Data below:
------------

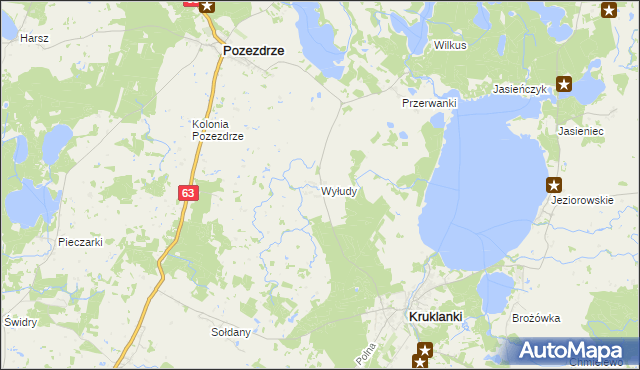 mapa Wyłudy gmina Pozezdrze, Wyłudy gmina Pozezdrze na mapie Targeo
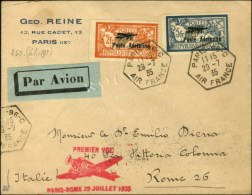 Cachet PARIS 96C / AIR FRANCE Sur PA 1 Et 2 Sur Lettre Pour Rome. 1935. - TB. - 1877-1920: Semi-moderne Periode
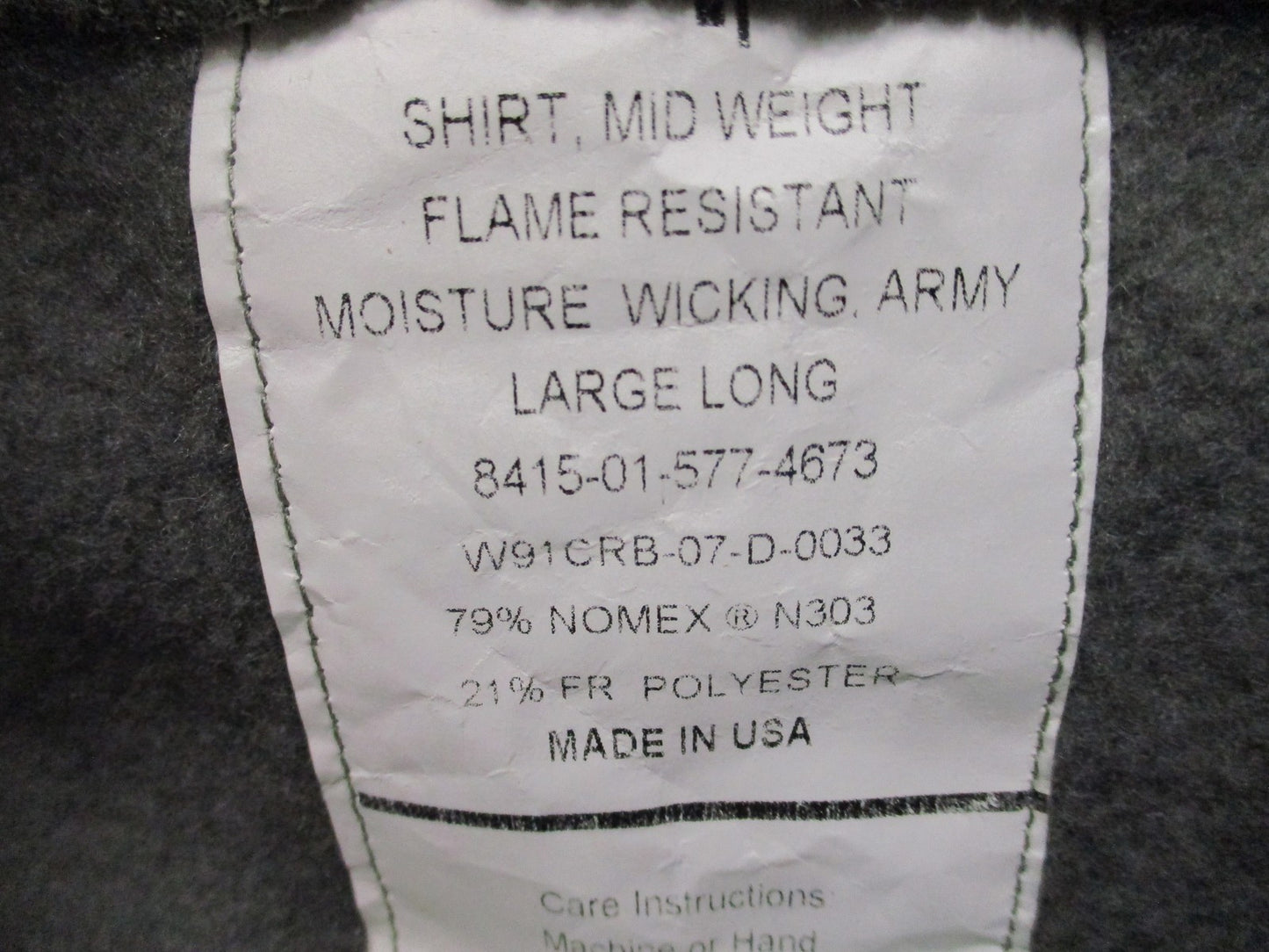 US Army Peckham Nomex FR Mid-Weight 1/4 Zip Shirt Foliage Green Large Long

------------

Prompt: The output consists of exactly the lines from the one containing "Cachet PARIS 96C" through the last line of the listing, both included, with no pictures.

Task result:
 Cachet PARIS 96C / AIR FRANCE Sur PA 1 Et 2 Sur Lettre Pour Rome. 1935. - TB. - 1877-1920: Semi-moderne Periode
 US Army Peckham Nomex FR Mid-Weight 1/4 Zip Shirt Foliage Green Large Long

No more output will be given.